Those Wikileaks cables are still online and they make fascinating reading, if only for their banality. And as far as I know they won’t give you cooties.
The US government does not want its citizens to know what almost every diplomatic service of any country already knows. And the US government is blowing smoke if it claims that release of these cables compromise security.
And the release has had some good effects. Information disclosed in them about the Tunisian government was part of what motivated the beginning of the Arab Awakening.
Relooking at them really is more important than the GOP horse race.
I agree that they make fascinating reading.
Unfortunately, you and I seem to be in the minority.
“Next on the Bradley Manning Network: Does Our Hero Have a Pillow, or Merely a Pillow-Shaped Head Rest in His Mattress?!?”
So what if they stalk the CEO’s? That guy doesn’t have to come to work every day. He/She’s probably not even home half the time. They may be annoyed by OWS presence but they aren’t scared. CEO’s only concern is the bottom line and unless you are fucking with that, CEO’s don’t care how long you camp out.
I don’t know where the movement is going and I don’t think they do either.

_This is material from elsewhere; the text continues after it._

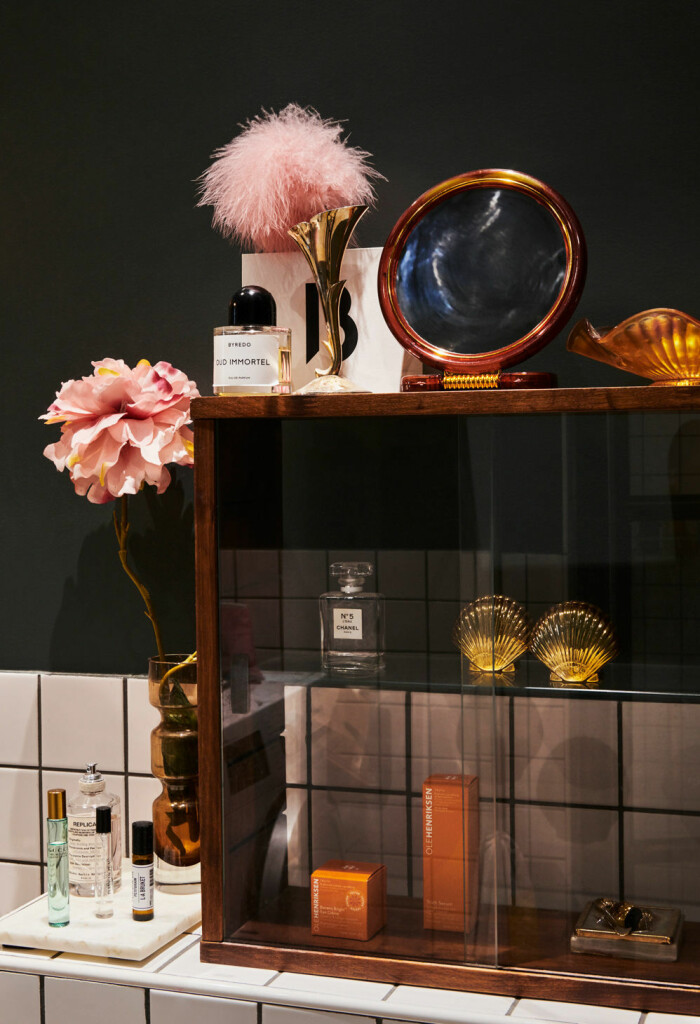 vackra detaljer i badrum inrett med second hand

That income inequality message is about to be overshadowed with their battles with the police. They also need to be steered in the right direction because they seem to think that the only other option is to go on the internet. They should learn from Wisconsin and Ohio about working to make the lives of the 99% better.
The message and the people will vanish on internet as they fall apart in to smaller and smaller clusters of adepts pushing a particular line.
Even as high-profile encampments get shut down, new ones appear – Huntsville AL and Peoria IL are the latest. Occupy Portland seems to be occupying Portland neighborhoods; it’s not clear yet what that will look like. A number of locations have gotten indoor space.
The most impressive accomplishment of Occupy Philly was the relocation of the homeless camp to a city-approved location, provisioning tents and winter gear, and a commitment from an interfaith group to continue the donations and actions that they were making as part of Occupy Philly.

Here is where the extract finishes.